__EXERCISE DETAILS__:
Only the lines from the one with "Lenovo 4XH1N92877 netwerkkaart" through the last line of the material below belong in the answer, copied exactly and without pictures.
#####
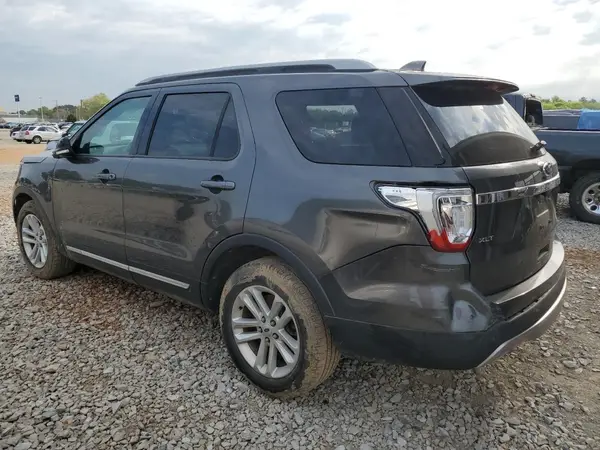 1FM5K7D88HGC02706 2017 FORD EXPLORER - Image 2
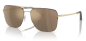 Preview: Sonnenbrille Oliver Peoples Roger Federer R-2 Umber/Gold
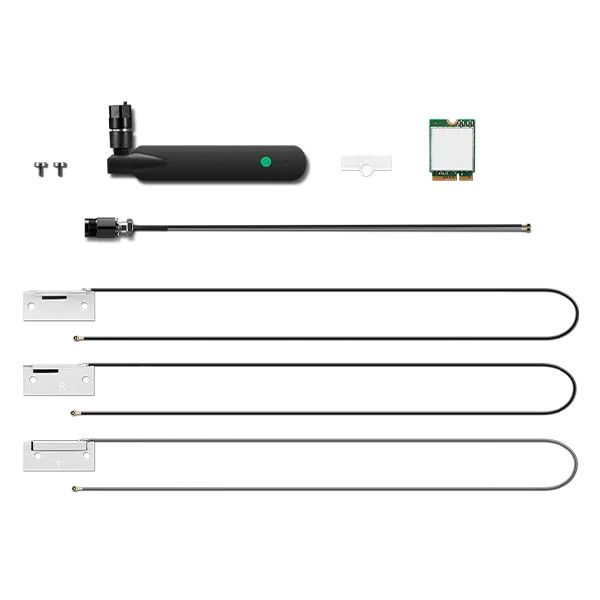 Lenovo 4XH1N92877 netwerkkaart Intern WLAN (4XH1N92877)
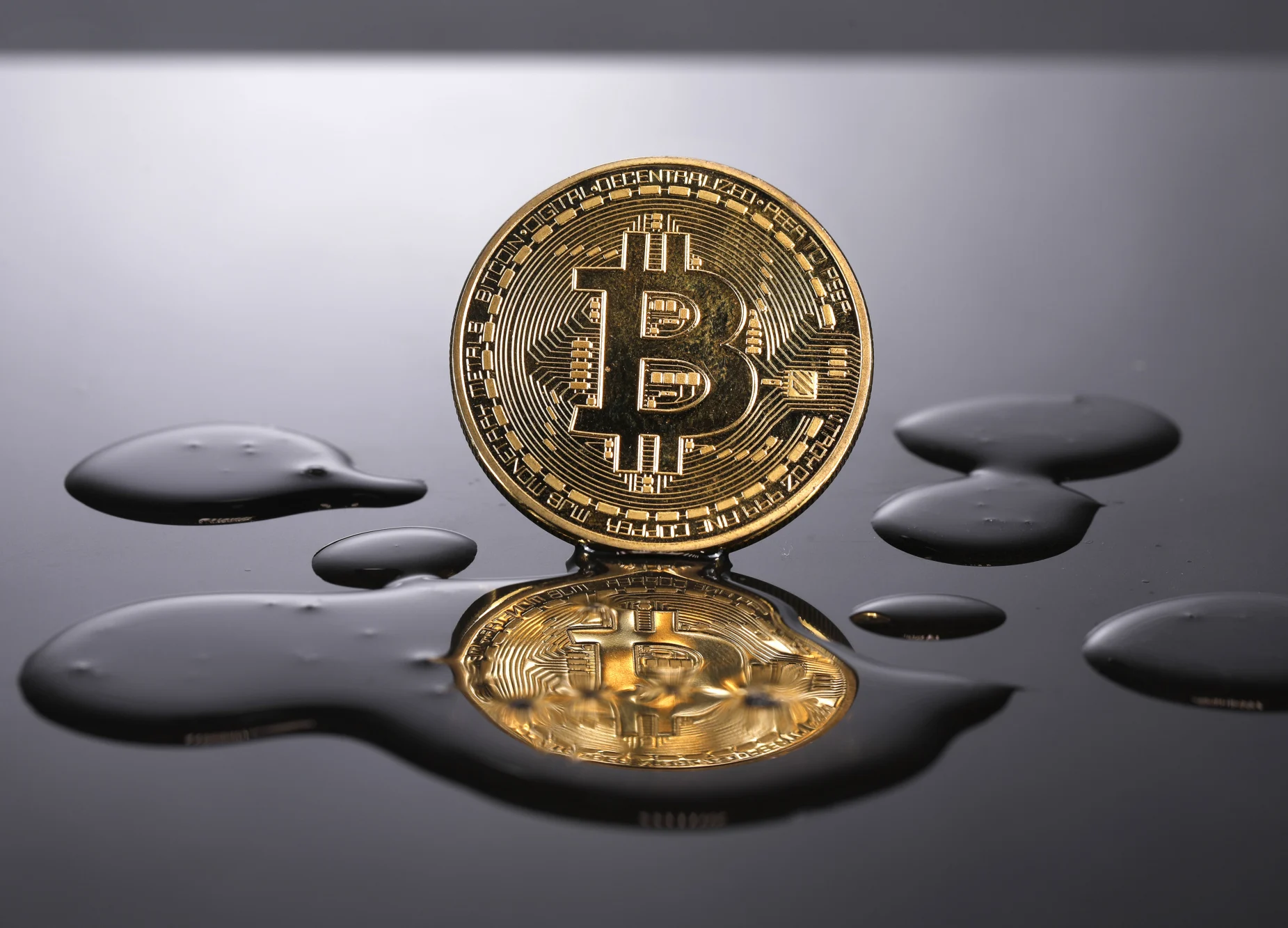 Bitcoin Almost Wipes Out Its Mega Gain Just as Swiftly as It Came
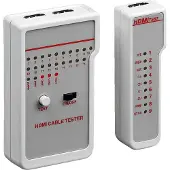 Goobay Kabeltester | (HDMI, Afstandsunit)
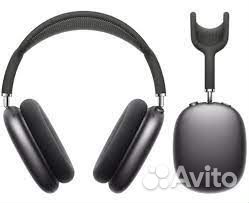 Airpods Max Gray, новые, оригинал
#####
__YOUR RESPONSE__:
 Lenovo 4XH1N92877 netwerkkaart Intern WLAN (4XH1N92877)
 Bitcoin Almost Wipes Out Its Mega Gain Just as Swiftly as It Came
 Goobay Kabeltester | (HDMI, Afstandsunit)
 Airpods Max Gray, новые, оригинал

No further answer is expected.